Number Within A Range (as text!)

Please start any new threads on our new site at https://forums.sqlteam.com. We've got lots of great SQL Server experts to answer whatever question you can come up with.

All Forums

SQL Server 2000 Forums

Transact-SQL (2000)

Number Within A Range (as text!)

Author

Topic

samtoffa
Yak Posting Veteran

60 Posts

Posted - 2004-08-11 : 11:12:22

In one of my tables I have a field that represents building numbers stored as text. These are single building numbers e.g. 1,56,28 or more complex ranges for big buildings e.g. 16-18 etc. In a seperate table I have a business address e.g. 23. Is there a reasonably simple way to build a function that returns true if the address is in the range. E.g. 23 in the business address table and 18-25, or 23 in the range table?
To make things more compliacted sometimes the address range fields have more than one building e.g. 16-18, 345-349 but I think I can cope with this if someone can point me in the right direction for the above.
My instinct is to cleave the numbers from the right and left of the '-' sign, convert to numeric and see if my test value is between or equal to the split values. Anyone got a better idea?!! And yes, the data should never have been entered in this way in the first place...blame the UK National Health Service!
Cheers,
Sam

Seventhnight
Master Smack Fu Yak Hacker

2878 Posts

Posted - 2004-08-11 : 11:19:29

I would say you are probably right (about splitting on '-'), and I'm sure it can done.

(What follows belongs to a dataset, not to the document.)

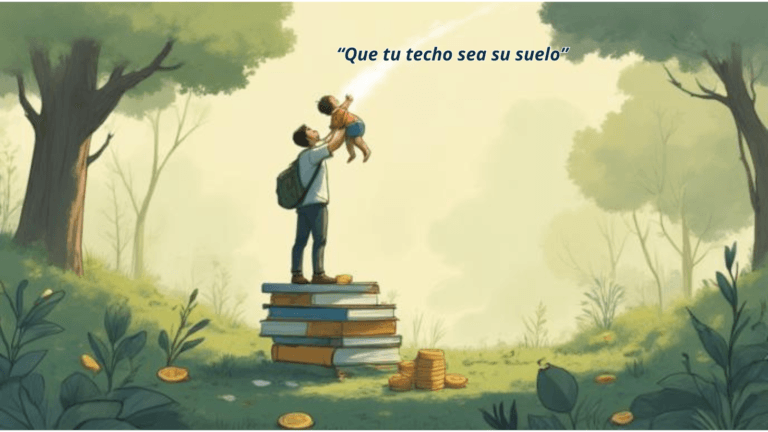 Tu techo es su suelo: Cómo evitar criar un "niño burbuja" - Blog finanzas personales Padre aupando a su hijo pequeño sobre una base de libros y monedas, representando el legado financiero y educativo.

Beyond that...why don't you give us a little sample (tables and data), and we might be able to give you something a little more specific.

Corey

samtoffa
Yak Posting Veteran

60 Posts

Posted - 2004-08-11 : 11:34:28

DustinMichaels
Constraint Violating Yak Guru

464 Posts

Posted - 2004-08-11 : 11:43:21

Is there anyway you could normalize this part of the database?
If not your best bet is to probably use a User Defined Function (UDF) that would split strings to do the search.

But if you could normalize the database you could have a BuildingNumbers table that would include a column for the starting number and a column for the ending number. For the cases where there is a single building number the start number and end number would be the same.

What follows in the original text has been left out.